Print, exactly as they appear, only the lines from the line that contains "giornale/RAV0068495/1915/unico/00000192" through the end of the listing.

* * * * * * * * *

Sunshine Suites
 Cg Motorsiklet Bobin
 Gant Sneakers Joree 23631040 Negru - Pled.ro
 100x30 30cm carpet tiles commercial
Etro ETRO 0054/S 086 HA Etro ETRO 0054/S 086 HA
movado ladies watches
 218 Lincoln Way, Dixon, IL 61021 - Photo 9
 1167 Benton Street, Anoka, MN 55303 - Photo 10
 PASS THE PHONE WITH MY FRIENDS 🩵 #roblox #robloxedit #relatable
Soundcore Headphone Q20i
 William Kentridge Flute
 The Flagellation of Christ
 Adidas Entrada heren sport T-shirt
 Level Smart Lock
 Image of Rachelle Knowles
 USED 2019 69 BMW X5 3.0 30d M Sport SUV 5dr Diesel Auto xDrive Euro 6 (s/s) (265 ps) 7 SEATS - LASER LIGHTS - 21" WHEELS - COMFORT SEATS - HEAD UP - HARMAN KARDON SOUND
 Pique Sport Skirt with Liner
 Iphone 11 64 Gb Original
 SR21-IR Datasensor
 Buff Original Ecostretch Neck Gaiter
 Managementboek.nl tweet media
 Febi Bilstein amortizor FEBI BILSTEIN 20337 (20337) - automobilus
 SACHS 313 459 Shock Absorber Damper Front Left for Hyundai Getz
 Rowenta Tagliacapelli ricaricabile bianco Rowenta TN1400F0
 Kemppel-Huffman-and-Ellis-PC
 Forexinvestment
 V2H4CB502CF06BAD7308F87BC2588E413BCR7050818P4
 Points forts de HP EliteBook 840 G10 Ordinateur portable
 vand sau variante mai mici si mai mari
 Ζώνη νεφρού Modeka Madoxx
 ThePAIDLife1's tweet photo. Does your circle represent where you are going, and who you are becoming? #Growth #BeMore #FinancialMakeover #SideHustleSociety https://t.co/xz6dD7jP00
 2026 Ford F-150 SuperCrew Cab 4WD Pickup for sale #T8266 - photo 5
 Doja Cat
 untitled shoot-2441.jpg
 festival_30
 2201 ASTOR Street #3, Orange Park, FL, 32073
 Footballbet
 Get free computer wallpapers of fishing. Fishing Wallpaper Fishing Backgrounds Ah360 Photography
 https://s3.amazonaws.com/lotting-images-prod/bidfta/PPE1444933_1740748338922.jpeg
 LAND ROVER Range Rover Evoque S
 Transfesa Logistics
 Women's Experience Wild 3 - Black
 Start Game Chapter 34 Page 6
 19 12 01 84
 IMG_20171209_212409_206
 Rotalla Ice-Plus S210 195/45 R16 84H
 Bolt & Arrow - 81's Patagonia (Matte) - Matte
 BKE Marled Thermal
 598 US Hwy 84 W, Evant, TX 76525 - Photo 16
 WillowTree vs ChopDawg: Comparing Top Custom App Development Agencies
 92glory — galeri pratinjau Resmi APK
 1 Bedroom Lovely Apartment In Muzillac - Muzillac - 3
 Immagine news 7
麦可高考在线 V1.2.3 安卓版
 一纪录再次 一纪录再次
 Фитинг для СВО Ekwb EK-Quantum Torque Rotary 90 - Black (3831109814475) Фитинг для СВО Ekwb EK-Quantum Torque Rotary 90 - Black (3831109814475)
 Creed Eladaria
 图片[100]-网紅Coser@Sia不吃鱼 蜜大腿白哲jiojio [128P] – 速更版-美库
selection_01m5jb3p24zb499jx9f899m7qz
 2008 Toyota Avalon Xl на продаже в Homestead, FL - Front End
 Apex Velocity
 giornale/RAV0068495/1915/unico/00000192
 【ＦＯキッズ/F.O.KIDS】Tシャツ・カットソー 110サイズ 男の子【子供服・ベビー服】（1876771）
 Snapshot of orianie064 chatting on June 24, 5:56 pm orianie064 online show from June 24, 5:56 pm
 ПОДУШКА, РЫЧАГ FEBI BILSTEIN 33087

* * * * * * * * *

RESULT OF THE TASK:
 giornale/RAV0068495/1915/unico/00000192
 【ＦＯキッズ/F.O.KIDS】Tシャツ・カットソー 110サイズ 男の子【子供服・ベビー服】（1876771）
 Snapshot of orianie064 chatting on June 24, 5:56 pm orianie064 online show from June 24, 5:56 pm
 ПОДУШКА, РЫЧАГ FEBI BILSTEIN 33087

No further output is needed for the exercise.